* **Exercise**: Each line that contains the word "Snapshot" counts once; give the total for the records below and nothing else.

Input material below:

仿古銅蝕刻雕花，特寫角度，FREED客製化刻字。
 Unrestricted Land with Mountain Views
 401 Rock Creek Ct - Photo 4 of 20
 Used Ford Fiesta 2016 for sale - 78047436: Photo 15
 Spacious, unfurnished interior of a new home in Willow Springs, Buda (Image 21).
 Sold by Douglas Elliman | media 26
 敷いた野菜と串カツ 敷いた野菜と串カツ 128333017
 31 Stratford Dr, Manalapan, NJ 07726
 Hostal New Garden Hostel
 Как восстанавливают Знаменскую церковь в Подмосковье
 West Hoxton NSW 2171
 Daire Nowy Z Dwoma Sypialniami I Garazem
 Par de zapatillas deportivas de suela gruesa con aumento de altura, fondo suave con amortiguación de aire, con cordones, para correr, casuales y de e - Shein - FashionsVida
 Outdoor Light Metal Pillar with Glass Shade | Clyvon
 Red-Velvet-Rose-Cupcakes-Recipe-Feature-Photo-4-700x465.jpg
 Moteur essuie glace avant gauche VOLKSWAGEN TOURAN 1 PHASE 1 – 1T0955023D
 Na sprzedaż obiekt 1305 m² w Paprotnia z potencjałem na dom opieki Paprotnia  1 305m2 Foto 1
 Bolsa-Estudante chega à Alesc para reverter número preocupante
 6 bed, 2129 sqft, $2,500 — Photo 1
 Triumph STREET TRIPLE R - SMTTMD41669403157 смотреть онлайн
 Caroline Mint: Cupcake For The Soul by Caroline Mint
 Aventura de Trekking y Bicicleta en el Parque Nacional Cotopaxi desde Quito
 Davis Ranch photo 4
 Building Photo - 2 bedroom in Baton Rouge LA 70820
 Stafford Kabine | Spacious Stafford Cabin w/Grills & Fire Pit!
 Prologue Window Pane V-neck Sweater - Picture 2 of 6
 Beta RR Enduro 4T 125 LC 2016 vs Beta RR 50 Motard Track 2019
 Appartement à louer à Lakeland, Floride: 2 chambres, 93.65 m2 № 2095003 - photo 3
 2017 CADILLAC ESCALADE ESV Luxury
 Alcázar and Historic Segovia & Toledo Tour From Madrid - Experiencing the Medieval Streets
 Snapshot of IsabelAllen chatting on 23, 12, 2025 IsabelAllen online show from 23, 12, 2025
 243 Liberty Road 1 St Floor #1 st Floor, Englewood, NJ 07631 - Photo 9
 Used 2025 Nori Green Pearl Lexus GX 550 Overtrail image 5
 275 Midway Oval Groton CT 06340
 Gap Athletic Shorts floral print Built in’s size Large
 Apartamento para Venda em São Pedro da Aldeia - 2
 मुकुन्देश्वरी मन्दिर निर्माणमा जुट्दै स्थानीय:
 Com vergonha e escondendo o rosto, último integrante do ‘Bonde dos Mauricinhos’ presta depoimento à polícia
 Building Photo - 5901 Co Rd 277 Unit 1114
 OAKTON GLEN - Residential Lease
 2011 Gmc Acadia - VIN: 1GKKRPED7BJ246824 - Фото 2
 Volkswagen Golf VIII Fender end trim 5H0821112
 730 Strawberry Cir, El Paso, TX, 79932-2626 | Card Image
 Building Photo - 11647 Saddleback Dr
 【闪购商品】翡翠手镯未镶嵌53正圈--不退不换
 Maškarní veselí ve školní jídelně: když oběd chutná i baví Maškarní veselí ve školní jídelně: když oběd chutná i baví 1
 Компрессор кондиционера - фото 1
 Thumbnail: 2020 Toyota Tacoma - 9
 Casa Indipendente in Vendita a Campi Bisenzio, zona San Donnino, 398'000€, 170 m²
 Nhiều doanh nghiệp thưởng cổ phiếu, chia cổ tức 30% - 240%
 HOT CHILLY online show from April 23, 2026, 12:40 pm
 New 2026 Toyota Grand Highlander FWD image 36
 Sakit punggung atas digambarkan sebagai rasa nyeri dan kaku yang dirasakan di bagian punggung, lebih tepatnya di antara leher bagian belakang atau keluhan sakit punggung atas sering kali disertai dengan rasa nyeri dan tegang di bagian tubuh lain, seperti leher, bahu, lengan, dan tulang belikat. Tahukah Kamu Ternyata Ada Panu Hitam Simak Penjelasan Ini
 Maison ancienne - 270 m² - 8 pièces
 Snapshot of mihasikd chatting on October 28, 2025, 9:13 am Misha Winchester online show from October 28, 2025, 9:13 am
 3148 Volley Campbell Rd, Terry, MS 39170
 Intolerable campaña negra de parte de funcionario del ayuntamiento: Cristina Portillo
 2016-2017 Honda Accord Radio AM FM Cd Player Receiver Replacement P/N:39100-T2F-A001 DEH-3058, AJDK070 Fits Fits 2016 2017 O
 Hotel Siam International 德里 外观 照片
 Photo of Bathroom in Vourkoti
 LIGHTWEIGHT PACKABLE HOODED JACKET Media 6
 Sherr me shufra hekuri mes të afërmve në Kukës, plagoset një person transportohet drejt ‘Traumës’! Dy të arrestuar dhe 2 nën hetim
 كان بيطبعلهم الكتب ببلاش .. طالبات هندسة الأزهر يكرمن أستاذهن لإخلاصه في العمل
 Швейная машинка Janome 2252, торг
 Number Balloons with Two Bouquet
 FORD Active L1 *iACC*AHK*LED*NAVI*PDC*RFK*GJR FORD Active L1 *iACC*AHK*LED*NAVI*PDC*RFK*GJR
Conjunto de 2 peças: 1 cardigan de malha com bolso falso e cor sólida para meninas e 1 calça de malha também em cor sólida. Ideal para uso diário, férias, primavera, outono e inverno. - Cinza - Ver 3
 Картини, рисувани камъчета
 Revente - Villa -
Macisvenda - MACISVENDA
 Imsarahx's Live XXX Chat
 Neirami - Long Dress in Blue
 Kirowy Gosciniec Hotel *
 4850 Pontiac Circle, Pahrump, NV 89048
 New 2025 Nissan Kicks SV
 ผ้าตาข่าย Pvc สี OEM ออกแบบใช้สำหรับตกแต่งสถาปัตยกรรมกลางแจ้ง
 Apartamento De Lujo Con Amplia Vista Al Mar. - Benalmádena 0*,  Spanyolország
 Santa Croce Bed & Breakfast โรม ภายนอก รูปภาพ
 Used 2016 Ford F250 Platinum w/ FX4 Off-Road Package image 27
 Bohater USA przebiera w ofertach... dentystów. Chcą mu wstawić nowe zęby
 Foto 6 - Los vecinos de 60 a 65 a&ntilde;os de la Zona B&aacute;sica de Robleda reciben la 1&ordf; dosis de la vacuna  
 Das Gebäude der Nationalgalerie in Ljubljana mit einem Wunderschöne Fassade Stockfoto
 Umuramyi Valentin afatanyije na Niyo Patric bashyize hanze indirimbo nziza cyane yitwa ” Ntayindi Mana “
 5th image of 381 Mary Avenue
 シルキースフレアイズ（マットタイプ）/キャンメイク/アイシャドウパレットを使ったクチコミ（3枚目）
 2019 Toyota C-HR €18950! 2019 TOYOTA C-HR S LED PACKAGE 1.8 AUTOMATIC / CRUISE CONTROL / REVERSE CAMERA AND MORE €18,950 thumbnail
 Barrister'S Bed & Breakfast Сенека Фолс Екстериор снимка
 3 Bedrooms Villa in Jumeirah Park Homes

End of Input material.

* **Task result**: 2